The study said that similar conditions often occur in China.
“The difference in China is that the haze starts from much smaller nanoparticles, and the sulfate formation process is only possible with ammonia to neutralize the particles,” Zhang said.
Sulfur dioxide is mainly emitted by power plants in China, while nitrogen dioxide comes from power plants and vehicles, and ammonia comes from fertilizer use and vehicles.
“Again, the right chemical processes have to interplay for the deadly haze to occur in China. Interestingly, while the London fog was highly acidic, contemporary Chinese haze is basically neutral,” he added.
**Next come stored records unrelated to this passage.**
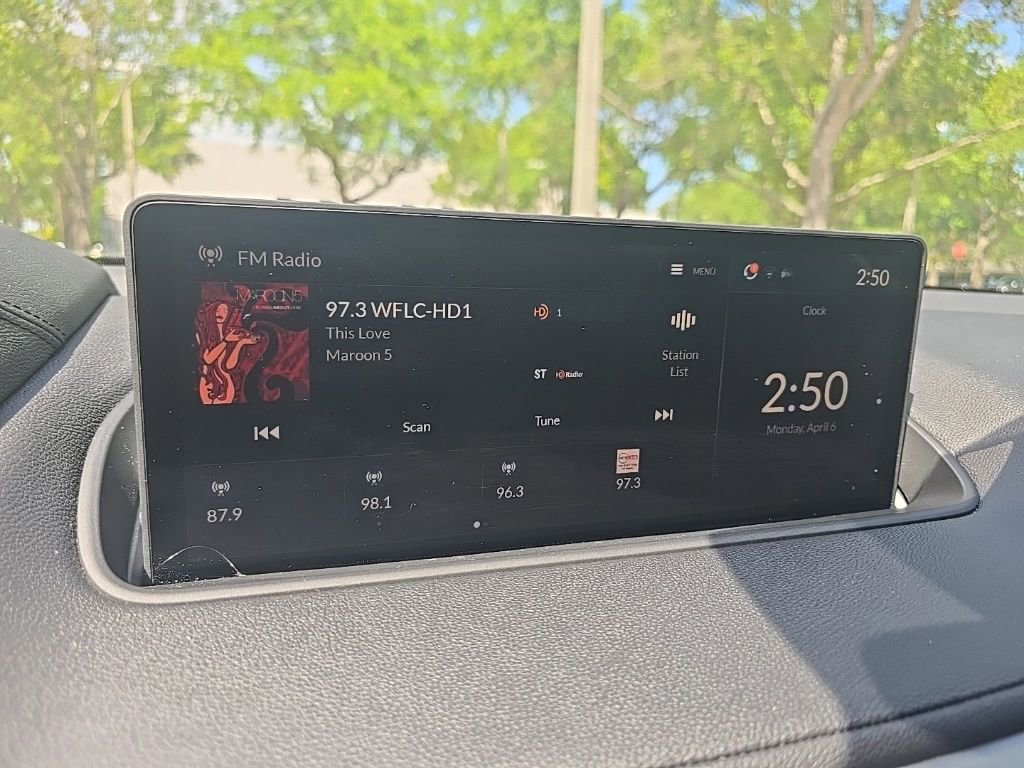 Used 2023 Acura MDX FWD image 19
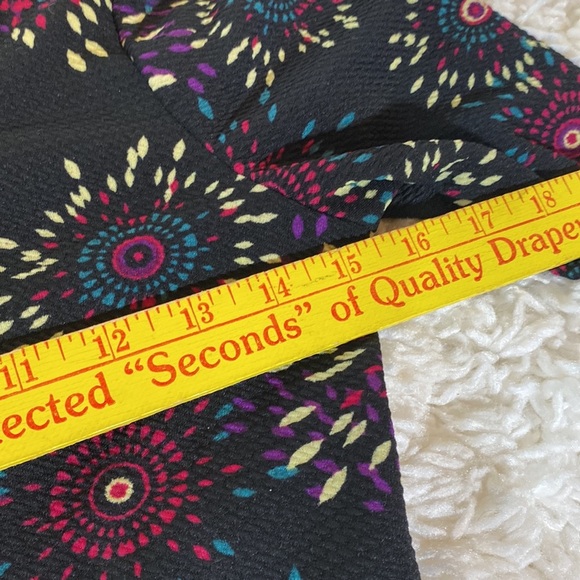 LULAROE  WOMEN’S NICOLE BLACK STARBURST PRINT A LINE MINI DRESS Size Sma… - Picture 7 of 10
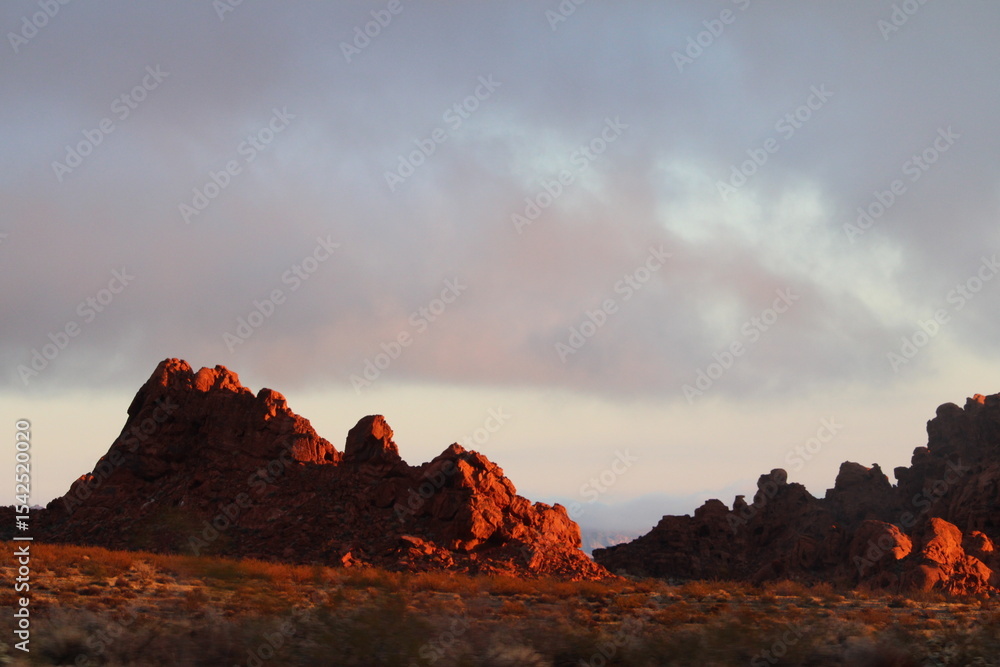 Naklejka premium Sunrise canyon view in Neveda desert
Exceedingly high levels of fine particulate matter (PM) occur frequently in China, but the mechanism of severe haze formation remains unclear. From atmospheric measurements in two Chinese megacities and laboratory experiments, we show that the oxidation of SO2 by NO2 occurs efficiently in aqueous media under two polluted conditions: first, during the formation of the 1952 London Fog via in-cloud oxidation; and second, on fine PM with NH3 neutralization during severe haze in China. We suggest that effective haze mitigation is achievable by intervening in the sulfate formation process with NH3 and NO2 emission control measures. Hence, our results explain the outstanding sulfur problem during the historic London Fog formation and elucidate the chemical mechanism of severe haze in China.
Sulfate aerosols exert profound impacts on human and ecosystem health, weather, and climate, but their formation mechanism remains uncertain. Atmospheric models consistently underpredict sulfate levels under diverse environmental conditions. From atmospheric measurements in two Chinese megacities and complementary laboratory experiments, we show that the aqueous oxidation of SO2 by NO2 is key to efficient sulfate formation but is only feasible under two atmospheric conditions: on fine aerosols with high relative humidity and NH3 neutralization or under cloud conditions. Under polluted environments, this SO2 oxidation process leads to large sulfate production rates and promotes formation of nitrate and organic matter on aqueous particles, exacerbating severe haze development. Effective haze mitigation is achievable by intervening in the sulfate formation process with enforced NH3 and NO2 control measures. In addition to explaining the polluted episodes currently occurring in China and during the 1952 London Fog, this sulfate production mechanism is widespread, and our results suggest a way to tackle this growing problem in China and much of the developing world.